Exploring the Iron Law of Cloud-Era Datacenter Infrastructure

On more than occasion in the recent past, I’ve discussed why I believe Nvidia’s impressive sprint to nosebleed heights on the stock market has set the stage for a descent to a more modest plateau. In the end, Nvidia’s inevitable decline in market valuation will result from its outsize success rather than from strategic or tactical missteps. 

Despite the relentless hype about genAI, the technology does not represent a revolutionary epoch in the history of information technology. GenAI remains a potentially useful, productivity-enhancing technology, more for some industries and professions than for others, but it has been egregiously oversold as a miraculous panacea that will imminently remedy all the problems of society and industry. 

In the longer term? Well, AI might eventually have broader and deeper applicability, especially if it evolves beyond rudimentary probabilistic models and gets closer to approximating the fever dream of reasoning and thinking machines posited by artificial general intelligence (AGI). That prospect, if it ever comes, is more than a decade out, discouraging some observers while comforting others. Unfortunately for the would-be purveyors of AGI, savvy investors and responsible enterprise IT departments generally aren’t deploying capital today for a speculative payoff that’s more than a decade away from coming to fruition. Far-sightedness has its limits, particularly when money is involved. You can only tell loan sharks so many times that you'll pay them tomorrow before a tire iron makes an unwelcome appearance.

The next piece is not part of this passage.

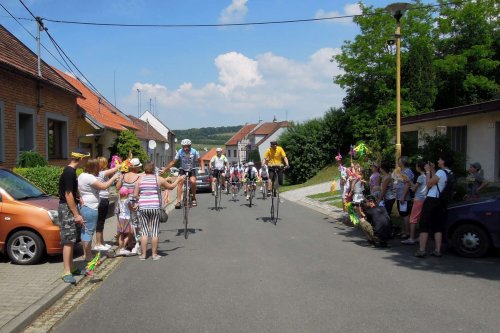 Charitativní cyklotour Josefa Zimovčáka Na kole dětem - 4.6.2016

In our immediate circumstances, we are still living in what we might call the Cloud Era, which began in about 2007 and will likely continue for another decade. In this context, GenAI represents not a self-sustaining market in its own right, but more a booster rocket for accelerated cloud growth. Relatively new and pre-existing workloads were already migrating to the major clouds (AWS, Microsoft Azure, Google Cloud) at a brisk pace; genAI is another migratory class of application destined for the cloud. Yes, you might object and say that some genAI is running in enterprise on-premises environments, but the trend toward cloud deployments is well established and is set to predominate for years to come. 

As it happens, I now have some third-party data to support my thesis, and while the uncharitable among us might accuse me of indulging confirmation bias, I think you’ll find that the preponderance of evidence supports the following verdict: Cloud still rules, and genAI is not a major new narrative in the history of information technology;  instead, genAI is but a new chapter in the unfolding tale of cloud supremacy. All empires decline and fall, as history demonstrates, but, even in the accelerated blur of tech years, cloud empires are nowhere near their death throes. 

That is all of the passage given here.